Take together the declining bargaining power of labour and the rising short-termism of corporate run for their managers and you have a model that explains rising inequality, the propensity for bubbles, the declining investment share of GDP, the wage stagnation that has hit many and the rise in leverage.

The new OBR forecasts suggest that these secular trends are still with usaverage wages down, household debt up, business investment weak and the recovery reliant on consumption.

As long as these trends hold we don’t have a viable economic model, we have a slow moving doomsday machine. Look at long term trends in the UK economy and you see (as the ONS pointed out last week) an ever-rising dependence on household consumption together with a slow process whereby median earners have become detached from the proceeds of growth.

Add these trends together and you have recipe for growth dependent on a falling household savings ratio and ever rising household debt levels. Which gets you an (often property) related cycle of consumption and household debt driven booms followed by nasty busts. And each bust has the potential to be worse than the last one as the household debt ratio is higher each time.

The path to recovery has set out by the OBR last week is consistent with the Summers secular stagnation thesis.

There are a variety of possible responses to this. One is that chosen by the government– accept that this is the growth model we’ve got and shrink the state further. This is a grim vision of the future in which people earn less, the state is meaner and no fundamental attempt is made at ‘rebalancing’.

Of course the Chancellor was once upon a time very keen on rebalancing – the problem was he thought it was easy, just a case of slashing corporation tax and getting the state out of the way. After this approach led to (cyclical) stagnation in 2010-2012 the plan was quietly dropped. Instead the Chancellor appears to have decided to return to a turbo charged version of the old growth model.

Another response would be to assume that the UK faces a shortage of aggregate demand and either though looser monetary policy or a fiscal stimulus seek to rectify this. This strategy would be vast improvement on what we currently have but by itself alone would not succeed. Growth might be faster but the pattern of that growth could all too easily resemble that of the pre-crisis period – consumption intensive, not reaching many in the middle and below and associated with rising household debt.

The third potential strategy would go beyond this. Alongside a capital spending intense stimulus it would seek a supply side revolution to use new institutions to combat the secular trend. Such a programme would aim less for recovery and more for national renewal it is essentially about taking the steps required to move us to a longer term, more inclusive model of growth, in short –  a high wage, high productivity economy.

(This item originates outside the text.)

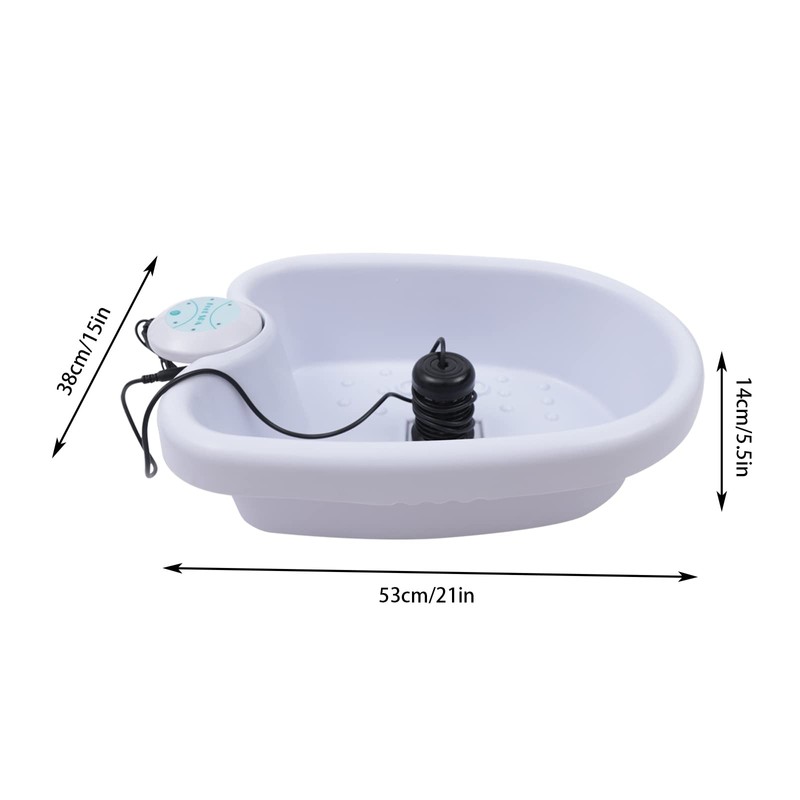 24W 110V Ionic Foot Bath Detox Machine, Portable Detox Foot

This outcome is not achievable through the pulling of monetary and fiscal levers alone. It’s not just a case of putting a foot on the accelerator but off taking up the bonnet and fixing the engine. This is what a progressive supply side policy should be aiming to achieve – looking at factors such as the banking system, corporate governance, training systems, industrial policy and the investment share of the economy. All of these factors determine the institutional framework of our economy and explain a great deal about the kind of growth we get and how it is distributed. All of these factors can be changed through political action.

The OBR thinks this is a cyclical upturn, it may well decide in the fullness of time that the picture is structurally better than it currently assumes but what we really need is the start of a process of reversing secular trends. That requires serious economic reform.